Cinquanta milioni subito. E altri 150 dopo. Ammonta a 200 milioni di euro il bottino che il Campidoglio si prepara a sfilare dalle tasche dei romani per finanziare il Giubileo. La buona notizia è che per ora, ma le cose potrebbero facilmente cambiare in corsa, la somma è nettamente inferiore ai 500 milioni chiesti dal sindaco Ignazio Marino. La cattiva è che l’ipotesi di utilizzare l’Irpef locale come bancomat per la liquidità necessaria è confermata. I fondi per pagare i lavori dell’Anno Santo, ha detto ieri l’assessore alla Legalità con compiti di supervisione sugli appalti del Giubileo, Alfonso Sabella, intervenendo a Sky Tg24, verranno dalle tasse dei romani, per l’esattezza dallo 0,4% dell’addizionale comunale sul reddito.
Sulla carta non si tratta di risorse aggiuntive, essendo soldi che già entrano nelle casse del Comune di Roma. I finanziamenti, tengono a sottolineare da settimane Marino e i suoi, saranno trovati nel bilancio del Campidoglio. Ma il trucco è plateale.
I romani, infatti, pagano attualmente lo 0,9% di addizionale Irpef. Un valore più alto dell’aliquota massima prevista a livello nazionale dello 0,8% a causa di concessione governativa seguita al dissesto finanziario esploso nel 2008 con la scoperta del debito monstre accumulato sotto le gestioni Rutelli e Veltroni.
Da allora, con la nascita della Gestione commissariale, gli abitanti della Capitale pagano una quota di addizionale Irpef per ripianare il buco di bilancio accumulato negli anni passati, che alla data del 31 dicembre 2013, ultimo anno censito nelle tabelle pubblicate sul sito della gestione commissariale, ammontava a 12,8 miliardi di euro (rispetto ai 16,7 lasciati da Veltroni).
La quota di addizionale è, per l’appunto lo 0,4%. Ed è proprio da qui che il Comune, con il beneplacito di Palazzo Chigi, che ha opportunamente allentato i vincoli del patto di stabilità interno per consentire a Roma di gonfiare il bilancio di 200 milioni, prenderà i soldi per foraggiare i cantieri del Giubileo.

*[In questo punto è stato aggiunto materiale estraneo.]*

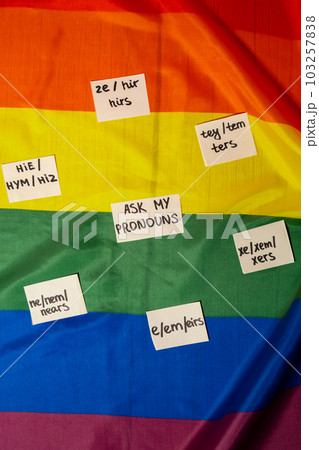 ASK MY PRONOUN Neo pronouns concept. Rainbow flag with paper notes text gender pronouns hie, e, ne, xe, ze, tey. Non-binary people rights transgenders. Lgbtq community support assume my gender ASK MY PRONOUN Neo pronouns concept. Rainbow flag with paper notes text gender pronouns hie, e, ne, xe, ze, tey. Non-binary people rights transgenders. Lgbtq community support assume my gender 103257838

Non è la prima volta che al Campidoglio utilizzano la Gestione commissariale per scaricare passività impreviste e far quadrare i conti. E non sarà l’ultima. Il problema è che i soldi sottratti al piano di rientro dal debito prima o poi qualcuno dovrà rimetterli al suo posto. O lo farà il governo, come già accaduto in passato, trasferendo risorse al Comune e facendo quindi pagare il conto alla fiscalità generale. O lo faranno i romani, che continueranno a pagare all’infinito un’Irpef stellare per colmare un buco che continua ad allargarsi.
Stangata da cui non si salvano neanche i redditi più bassi, considerato che la soglia di esenzione per il 2015 è stata fissata a 12mila euro lordi annui, e che potrebbe diventare ancora più pesante. Solo un anno e mezzo fa, ad esempio, Marino era riuscito a far inserire nella prima versione del decreto Salva Roma (poi modificata) l’aumento dell’addizionale all’1,2%.

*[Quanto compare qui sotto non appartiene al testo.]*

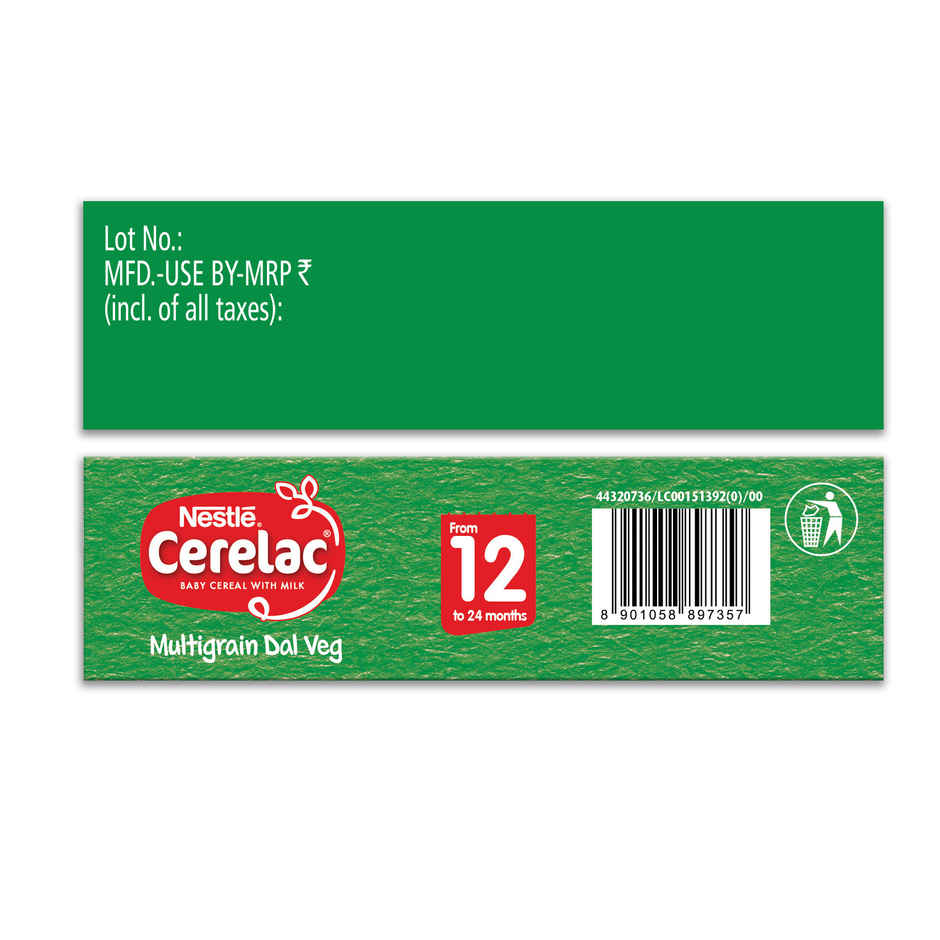 Nestle Cerelac Baby Cereal With Milk Multigrain Dal Veg - Stage 4 | 12 To 24 Months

Al centro del grande gioco delle tre carte capitolino ci sarà, paradossalmente, la stessa persona che fino a qualche mese aveva sbattuto la porta denunciando la cattiva gestione amministrativa del Comune.
Dal 27 agosto, infatti, a guidare la Gestione commissariale al posto di Massimo Varazzani è arrivata Silvia Scozzese. Si tratta dell’ex assessore al Bilancio che poco più di un mese fa, era la fine di luglio, aveva lasciato polemicamente la poltrona di assessore al Bilancio. «Condivido la necessità di potenziare la spesa nei settori relativi ai servizi alla città, ma essa non può essere costruita al di fuori degli ambiti di tipicità e di correttezza degli atti amministrativi, ambiti che devono costituire e rimanere il faro della nostra azione quotidiana», aveva scritto nella lettera di dimissioni.
Ora sarà proprio la Scozzese a dover firmare l’assegno con cui Marino prenderà in prestito qualche centinaio di milioni dalla gestione commissariale. Riscoprendo quel lavoro di squadra che, parole dello scorso luglio, «negli ultimi tempi sembra essere venuto meno».